Right now, my $\mathbf{Y}$ data is uncorrupted by noise source $\mathbf{R}_{2}$, but will be in the "future". Therefore, I need to incorporate the extra uncertainty it will cause into my test statistic.

Is this a multivariate random effects model? How do I deal with these two sources of variance?

So far, what I have done is as follows. I can write:

$\mathbf{Y} = \mathbf{X}\mathbf{B} + \mathbf{R}_{1} + \mathbf{R}_{2}$,

where the $\mathbf{R}$'s are a matrices of the residuals, such that of course,

$\mathbf{Y} - \mathbf{X}\mathbf{B} = \mathbf{R}_{1} + \mathbf{R}_{2} = 0$ if I have a perfectly fitting model.

So, the distributional assumption on each $\mathbf{R}$ is $\mathbf{R} \sim N(\mathbf{0},\mathbf{I} \otimes \mathbf{\Sigma_{R}}) $.

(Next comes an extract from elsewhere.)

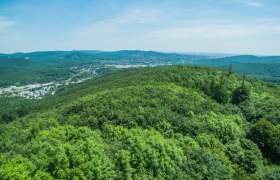 Panoramic view from the Rudolfswarte of wooded hills and a town in the background.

Except, $\mathbf{\Sigma_{R_{1}}}$ is unknown while $\mathbf{\Sigma_{R_{2}}}$ is known. I can get an unbiased estimate of $\mathbf{\Sigma_{R_{1}}}$ by computing

$\mathbf{\hat{\Sigma}_{R_{1}}} = \frac{1}{n-p} \mathbf{Y} [\mathbf{I} - \mathbf{X}(\mathbf{X}^{'}\mathbf{X})^{-1}\mathbf{X}^{'}]\mathbf{Y}^{'}$.

This looks odd, but it is because $\mathbf{Y}$ has "not yet" been corrupted by the noise due to the known $\mathbf{R}_{2}$. However, when I compute test statistics based on this model (eg. null hypothesis: $\mathbf{B}_{1,2} = 0$ and so on), I want this "future" noise to be taken into consideration, where its covariance structure is known. aka, I have at this moment the matrix $\mathbf{\Sigma_{R_{2}}}$ on hand.

So, how can I combine an known and unknown covariance matrix, one I know, and one I can easily estimate?

Thank you for your time!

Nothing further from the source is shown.